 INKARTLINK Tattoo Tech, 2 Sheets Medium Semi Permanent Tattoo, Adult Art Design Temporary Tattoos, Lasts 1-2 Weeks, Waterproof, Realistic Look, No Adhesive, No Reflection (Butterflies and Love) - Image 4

==

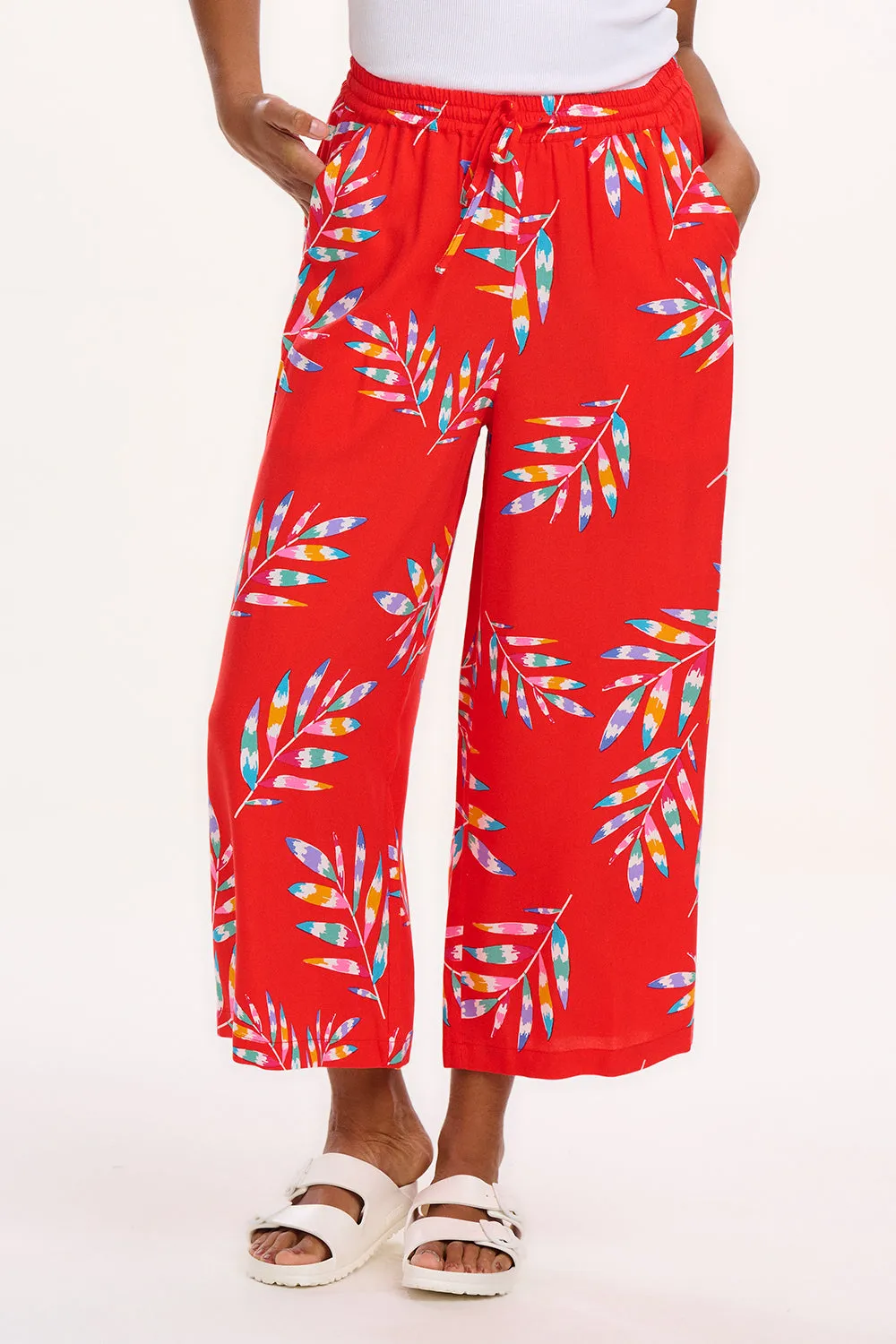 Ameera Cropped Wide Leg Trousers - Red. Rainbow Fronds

---

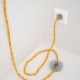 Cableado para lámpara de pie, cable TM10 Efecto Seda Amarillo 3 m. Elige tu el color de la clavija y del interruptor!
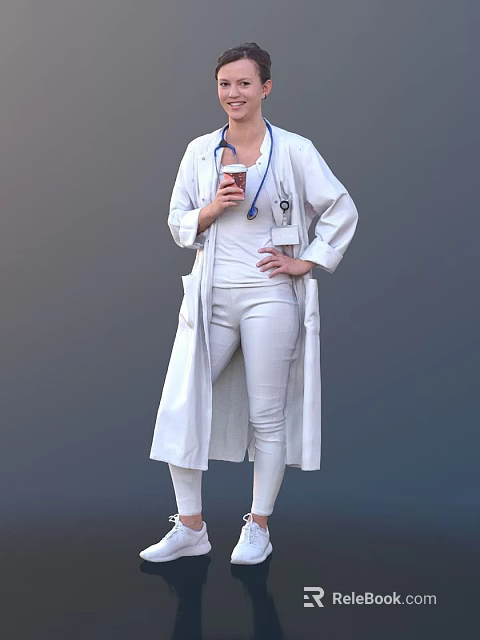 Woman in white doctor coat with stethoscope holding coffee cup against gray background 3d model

• [DESCRIPTION OF THE TASK]:
Starting at the line above that holds "Cableado para lámpara", return each line up to and including the one that holds "Woman in white", exactly as written, minus any pictures.

• [TASK OUTPUT]:
 Cableado para lámpara de pie, cable TM10 Efecto Seda Amarillo 3 m. Elige tu el color de la clavija y del interruptor!
 Woman in white doctor coat with stethoscope holding coffee cup against gray background 3d model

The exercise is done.